2011 - November. BM tells us they found a house to rent. TWO STREETS OVER from us.. we were like "ugh" but again.. it's about what is best for kids, not us. Shared parenting was going ok. Although we were a bit annoyed that every weekend she had the kids, they would leave all 4 kids home alone till the wee hours of the morning (like 4 or 5am), but we couldn't do anything about this.
Summer - 2012. BM announces her and sociopath are over and he is moving out.. for the next 6 months it is a back and forth "he's there and they are working it out" and "he's gone and we are over" struggle.. at times she would tell us the kids can't come over because she doesn't want them there when he is.. we juggle the schedule around constantly to accommodate her constant changes. It was a mess.
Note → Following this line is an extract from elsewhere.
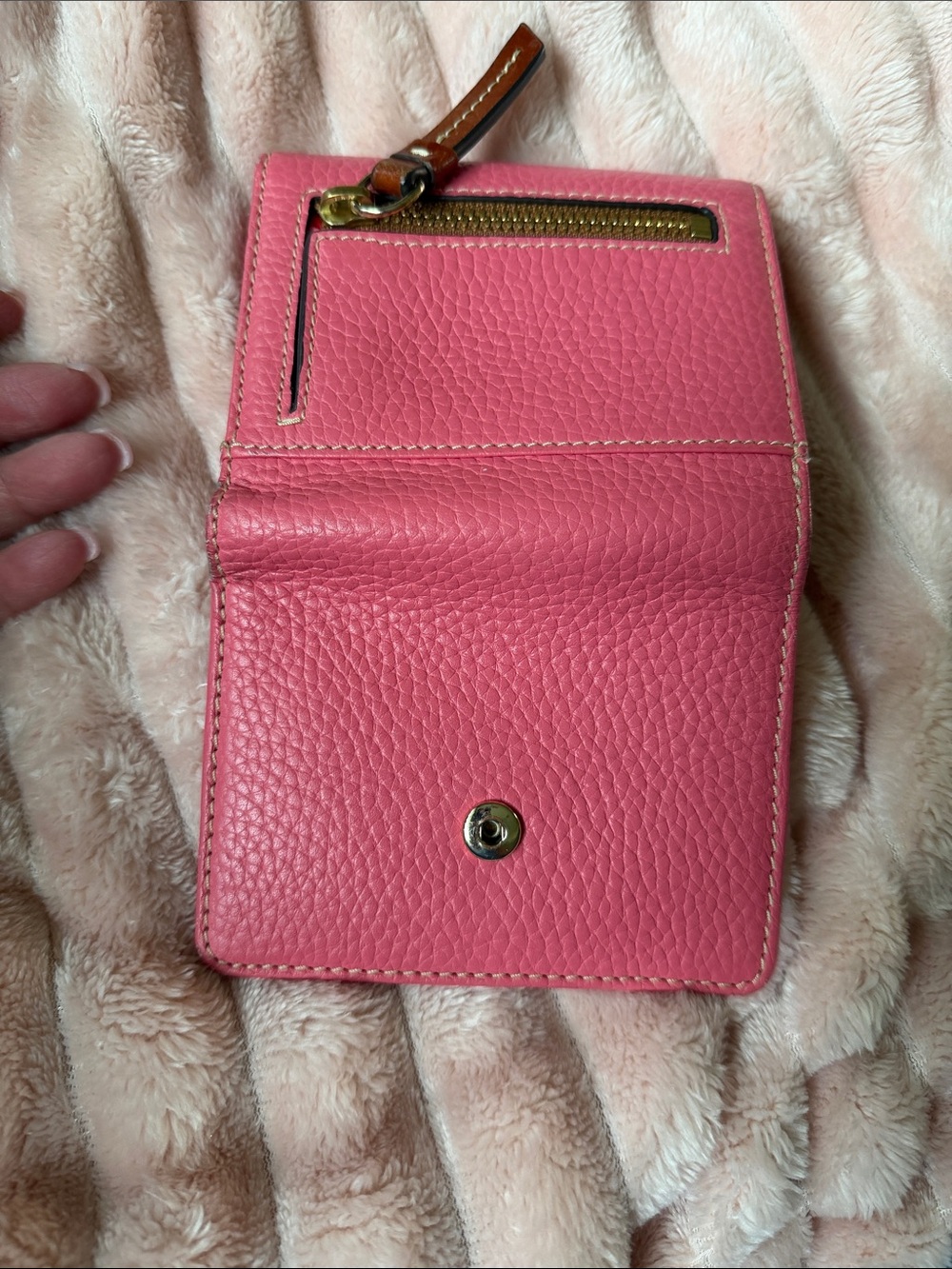 Dooney & Bourke Hot Pink Pebbled Leather Compact Wallet with Gold Plaque - Picture 5 of 6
February - 2013. She calls DH and says she is staying with sociopath. "He cheated on her and she never gave him a chance to make things right - wasn't fair to him" blah blah... (bear in mind he cheated before they got married too).. DH flat out tells her he thinks its a mistake and points out all the problems this has caused for their kids, etc. She just doesn't care. It's obvious the only thing that matters is he marriage, not her kids.
March - 2013. BM calls and tells DH she is moving away - again. To the same area she moved to in 2010. She says "kids can live where they want".. DH and I both know what's up, she doesn't want kids and this is her way of getting rid of them while making it look like she is not abandoning them.. making it their choice of where to live and knows they aren't going to leave the community they have lived their whole life. She moves and conveniently loses her job..
Since late May of 2013 she has only paid 800 in child support for two teen boys. Refuses to pay for sports, braces, etc. because she isn't "ordered by the court" to do so. She has messed with their minds and told them lies and twisted things to cause drama here.. the games never end. The boys are a freaking nightmare - especially the younger one (read my blog for that history).
Now.. we get word that she is telling the boys "oh, we are putting the house up for sale and moving up there again" (SS15 slipped up and said something by accident).. She also told the 12 year old she refuses to do shared parenting with DH because it is too "difficult".. by difficult she means; DH wants the kids involved in things like sports and BM would prefer they sit on their asses and play video games and watch TV so she doesn't have to do anything..
I get it now.. everything this woman does is calculated to manipulate. She took a year off parenting and work to "nurture her marriage" - dumped the kids on us but at the same time kept them on the hook.. kept them riled up and pissed off at DH and me because we had rules and accountability in our home. Kept them feeling sorry for her and her "situation" because she missed them "sooo much" (uh-then why the hell did you move so far away??)..
I am so pissed. I am sick of her games. I am sick of her kids and their drama.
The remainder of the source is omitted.